Fox despertó, sobresaltado. Como siempre, estaba soñando.
En el sueño, un sol abrasador le quemaba la espalda. Durante meses se preguntó si ese sol habría vuelto loco a alguien. Pero él quería estar allí. Quería hacer aquello.
Los últimos días había estado apartando escombros, intentando reconstruir una escuela. Ésa fue la razón para que alistarse en el ejército. En casa, no podía enseñarle historia a los niños todos los días y hablar de lo que significaba ser un héroe sin pensar que ya era hora de que él hiciera algo.
La otra razón eran los niños. Tener la oportunidad de reconstruir hospitales y colegios le hacía pensar que esos niños tendrían la oportunidad de vivir en un mundo mejor.
Y por eso precisamente no dudó en inclinarse cuando aquel niño se acercó. Fox le ofreció una chocolatina, un yo-yo. Conocía el idioma, y por eso había terminado allí. Y el niño de los grandes ojos castaños parecía hambriento y desesperado.

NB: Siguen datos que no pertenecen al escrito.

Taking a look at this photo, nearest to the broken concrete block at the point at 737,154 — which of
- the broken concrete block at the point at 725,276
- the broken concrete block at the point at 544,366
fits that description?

Que el niño llevara una bomba adosada al cuerpo no se le pasó por la cabeza. Nunca. Ni por un segundo. Ni siquiera cuando estalló… y él salió volando, tijeras y trozos de metal clavados por todo su cuerpo. Y el niño, ese niño…
Y fue entonces cuando Fox despertó. Cuando siempre despertaba. Para entonces, estaba tan desorientado como un cura en un burdel.
Pero allí había algo raro.
No estaba en el sofá de piel donde dormía siempre. Parecía estar sobre algo mullido, envuelto en una sabana. Todo era blanco a su alrededor, excepto una planta que había en la ventana. También había una bañera en medio de la habitación y, en una esquina, bolsas de cemento y ladrillos. Además, olía a limón, a hierbas y a otro olor, algo que no podía identificar del todo, algo vago y fresco, floral…
Ella.
En cuanto volvió la cabeza vio a Phoebe. Como siempre, cada vez que despertaba de aquel sueño, el dolor de cabeza había desaparecido por completo y sus sentidos estaban muy despiertos.
También se dio cuenta entonces de que estaba desnudo bajo la sábana… y duro como una piedra. Sólo con mirarla le pasaba eso.
Ella estaba sentada en una mecedora blanca. Todas las persianas de la habitación estaban bajadas, pero entraba el sol por una rendija, sólo para iluminarla, sólo a ella. Sus piernas desnudas estaban sobre el brazo de la mecedora y eso fue suficiente para inspirar otro golpe de testosterona. Tenía los pies sucios y llevaba un pantalón corto.
En una mano tenía una taza, un libro en la otra. Vagamente recordaba que cuando llegó llevaba una coleta, pero se había soltado el pelo.
Nunca había conocido a una mujer más sensual. Su aspecto, su tacto, todo. Se sentía a la vez a la defensiva y suspicaz sobre ese toque mágico suyo. No lo entendía… cómo podía hacer sentir tanto a un hombre que ya no sentía.
Pero nada de eso podía empequeñecer su fascinación por ella.
Fox aceptó que la cosa podría ser más sencilla. Probablemente, cualquier hombre vivo respondería a sus masajes.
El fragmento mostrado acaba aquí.